- National Curriculum Tool
- Year 3 - Geometry - properties of shapes
Year 3 - Geometry - properties of shapes
New Curriculum
- draw 2-D shapes and make 3-D shapes using modelling materials; recognise 3-D shapes in different orientations and describe them
- recognise angles as a property of shape or a description of a turn
- identify right angles, recognise that two right angles make a half-turn, three make three quarters of a turn and four a complete turn; identify whether angles are greater than or less than a right angle
- identify horizontal and vertical lines and pairs of perpendicular and parallel lines.
Non-Statutory Guidance
Pupils’ knowledge of the properties of shapes is extended at this stage to symmetrical and non-symmetrical polygons and polyhedra. Pupils extend their use of the properties of shapes. They should be able to describe the properties of 2-D and 3-D shapes using accurate language, including lengths of lines and acute and obtuse for angles greater or lesser than a right angle.

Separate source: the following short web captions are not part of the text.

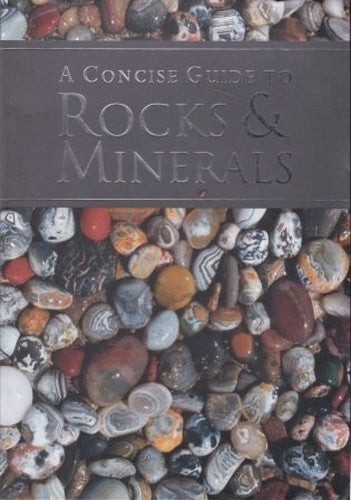 A Concise Guide to Rocks and Minerals (Soft Cover)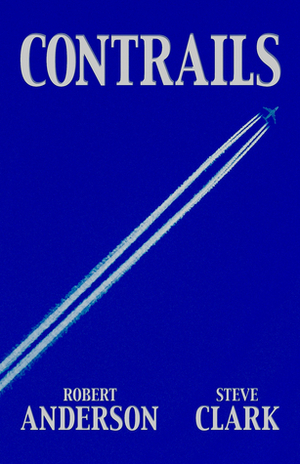Contrails (Contrails Saga, #1) by Robert Anderson, Steve Clark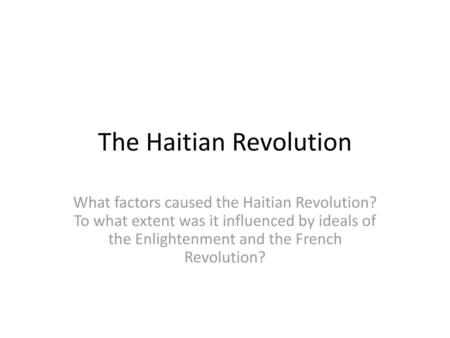 The Haitian Revolution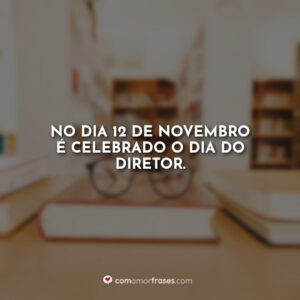 No dia 12 de Novembro é celebrado o Dia do Diretor.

Pupils connect decimals and rounding to drawing and measuring straight lines in centimetres, in a variety of contexts.
Links and Resources
Teachers should use every relevant subject to develop pupils’ mathematical fluency. Confidence in numeracy and other mathematical skills is a precondition of success across the national curriculum.”
– The National Curriculum in England Framework document. September 2013 page 10
Making connections to other topics within this year group
Fractions
When working on geometry: properties of shape and/or fractions, there are opportunities to make connections between them, for example:
In the guidance for fractions it states that the children should continue to recognise fractions in the context of shape. Give children the opportunity to explore these during shape and fractions lessons in order to reinforce and consolidate their learning in both areas. For example, you could ask the children to draw a variety of regular and irregular shapes and explore which ones can be divided into halves, thirds, quarters etc. It is important that the children consider that equal fractions of a shape have the same area rather than parts that look the same which is often how they are presented in textbooks and worksheets. You could ask the children to cut up pieces of their shapes to find out if they are the same. For example, they could draw the rectangle below and its two diagonals:
The resulting parts don’t all look the same, but each is a quarter. Can the children prove this? They could, for example, cut out each triangle and then cut it in half. These pieces are eighths. Two eighths are equal to a quarter therefore the triangles are all quarters.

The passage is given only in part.